Circumference of a circle = Pi x diameter
The amount of distance covered by a wheel in one rotation is equal to the circumference (assuming no slippage), and therefore a 2" wheel will rotate at 1/2 the RPM of a 1" wheel to move forward at the same speed.
Assume a slot car tire of 3/4" (0.750) per USRA rules (and because it makes the math easier than doing the D3 size)
averaging 70 MPH, and a 1/8 scale R/C car with 3-3/8" (3.375) tires averaging 50 MPH. (I couldn't find any rules for 1/8 scale R/C wheel size when I Googled it, so I assumed a 1/24 "true scale" tire of 1-1/8" would be 3 times as large in 1/8 scale.)
The slot car is moving at (7/5) the speed of the RC car (1.4 times as fast).
The slot car's wheels must rotate at (3.375/0.750) or 4.5 times the RPM to move ahead at the same speed.
The combination of the two (smaller wheels, faster average speed) means that the slot car's tires will be rotating at (1.4 * 4.5) or 6.3 times the RPM of the larger R/C car's wheels.
However, the "centrifugal force" (yeah, I know, I should work out the vectors for the tire at the circumference attempting to continue at a tangent, but I'm too tired right now) increases with diameter, I think that the only necessary comparison is the relative speeds of the two vehicles, since that would determine the speed of the tire surface at the circumference.
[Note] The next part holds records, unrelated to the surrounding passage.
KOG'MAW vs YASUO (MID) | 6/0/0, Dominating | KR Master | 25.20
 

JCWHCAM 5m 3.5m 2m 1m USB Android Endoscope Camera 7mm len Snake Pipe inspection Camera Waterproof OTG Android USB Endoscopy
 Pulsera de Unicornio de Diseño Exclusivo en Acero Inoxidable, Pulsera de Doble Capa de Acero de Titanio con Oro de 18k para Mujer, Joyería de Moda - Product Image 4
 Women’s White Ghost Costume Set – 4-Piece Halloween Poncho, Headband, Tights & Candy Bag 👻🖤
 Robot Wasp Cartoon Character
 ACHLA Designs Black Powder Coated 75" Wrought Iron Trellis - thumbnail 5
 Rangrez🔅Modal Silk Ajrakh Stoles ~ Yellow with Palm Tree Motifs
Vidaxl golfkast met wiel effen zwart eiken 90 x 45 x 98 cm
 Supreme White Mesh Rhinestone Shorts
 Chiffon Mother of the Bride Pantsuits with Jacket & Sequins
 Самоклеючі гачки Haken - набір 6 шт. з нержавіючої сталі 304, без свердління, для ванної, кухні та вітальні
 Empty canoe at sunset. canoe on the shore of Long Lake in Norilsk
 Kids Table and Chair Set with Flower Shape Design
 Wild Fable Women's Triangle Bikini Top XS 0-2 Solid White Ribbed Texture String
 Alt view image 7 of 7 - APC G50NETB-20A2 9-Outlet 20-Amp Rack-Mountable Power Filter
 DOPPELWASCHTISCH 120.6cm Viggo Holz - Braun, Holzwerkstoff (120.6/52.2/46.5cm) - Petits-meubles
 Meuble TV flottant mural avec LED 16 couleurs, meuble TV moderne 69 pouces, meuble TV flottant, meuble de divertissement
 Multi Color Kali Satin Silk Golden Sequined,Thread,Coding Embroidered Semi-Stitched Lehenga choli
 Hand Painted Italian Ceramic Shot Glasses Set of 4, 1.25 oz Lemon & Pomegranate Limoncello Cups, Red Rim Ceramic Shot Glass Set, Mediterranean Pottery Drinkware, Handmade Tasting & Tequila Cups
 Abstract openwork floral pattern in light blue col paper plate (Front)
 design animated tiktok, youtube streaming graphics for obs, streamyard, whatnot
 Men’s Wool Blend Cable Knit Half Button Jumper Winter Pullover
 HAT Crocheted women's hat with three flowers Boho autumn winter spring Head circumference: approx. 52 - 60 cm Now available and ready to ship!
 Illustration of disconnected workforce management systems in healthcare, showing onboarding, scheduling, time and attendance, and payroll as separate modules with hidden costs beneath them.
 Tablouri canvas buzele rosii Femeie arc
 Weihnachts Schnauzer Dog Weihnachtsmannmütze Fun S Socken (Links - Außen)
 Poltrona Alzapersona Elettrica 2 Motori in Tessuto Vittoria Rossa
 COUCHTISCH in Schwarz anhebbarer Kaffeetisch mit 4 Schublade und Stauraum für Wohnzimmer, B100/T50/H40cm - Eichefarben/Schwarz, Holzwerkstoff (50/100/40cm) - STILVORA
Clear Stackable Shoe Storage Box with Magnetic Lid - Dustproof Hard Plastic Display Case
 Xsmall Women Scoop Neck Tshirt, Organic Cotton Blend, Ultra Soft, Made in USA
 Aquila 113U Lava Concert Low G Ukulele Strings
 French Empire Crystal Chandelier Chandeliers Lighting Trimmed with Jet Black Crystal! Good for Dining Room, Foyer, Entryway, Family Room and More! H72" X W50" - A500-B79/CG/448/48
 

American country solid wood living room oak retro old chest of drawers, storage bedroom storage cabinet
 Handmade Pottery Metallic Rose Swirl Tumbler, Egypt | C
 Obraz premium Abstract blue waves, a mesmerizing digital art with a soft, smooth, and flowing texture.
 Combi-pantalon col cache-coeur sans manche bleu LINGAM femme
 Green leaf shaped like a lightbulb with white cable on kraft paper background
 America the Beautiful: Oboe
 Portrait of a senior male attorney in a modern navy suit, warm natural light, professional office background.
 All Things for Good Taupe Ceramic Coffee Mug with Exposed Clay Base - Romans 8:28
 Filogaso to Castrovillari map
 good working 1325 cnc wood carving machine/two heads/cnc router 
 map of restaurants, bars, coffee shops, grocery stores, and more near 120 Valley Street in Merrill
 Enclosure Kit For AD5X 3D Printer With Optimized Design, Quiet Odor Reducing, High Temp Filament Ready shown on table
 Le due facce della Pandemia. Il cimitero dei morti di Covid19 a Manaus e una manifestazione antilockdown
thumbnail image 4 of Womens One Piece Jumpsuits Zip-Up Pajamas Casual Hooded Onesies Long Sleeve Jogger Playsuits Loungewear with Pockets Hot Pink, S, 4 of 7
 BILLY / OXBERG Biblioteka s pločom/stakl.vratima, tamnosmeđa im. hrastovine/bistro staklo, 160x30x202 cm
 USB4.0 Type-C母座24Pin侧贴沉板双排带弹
Since the slot car is 40% faster, and momentum increases by the square of the speed (quadruples when the speed doubles), that means that the relative momentum should be (1.4 * 1.4) for the slot car, or 196% of the force on the RC car's tires.
So an adhesive which might be perfectly adequate for the RC car's tires would be subject to approximately double the force if used on a slot car tire.
I think my head hurts...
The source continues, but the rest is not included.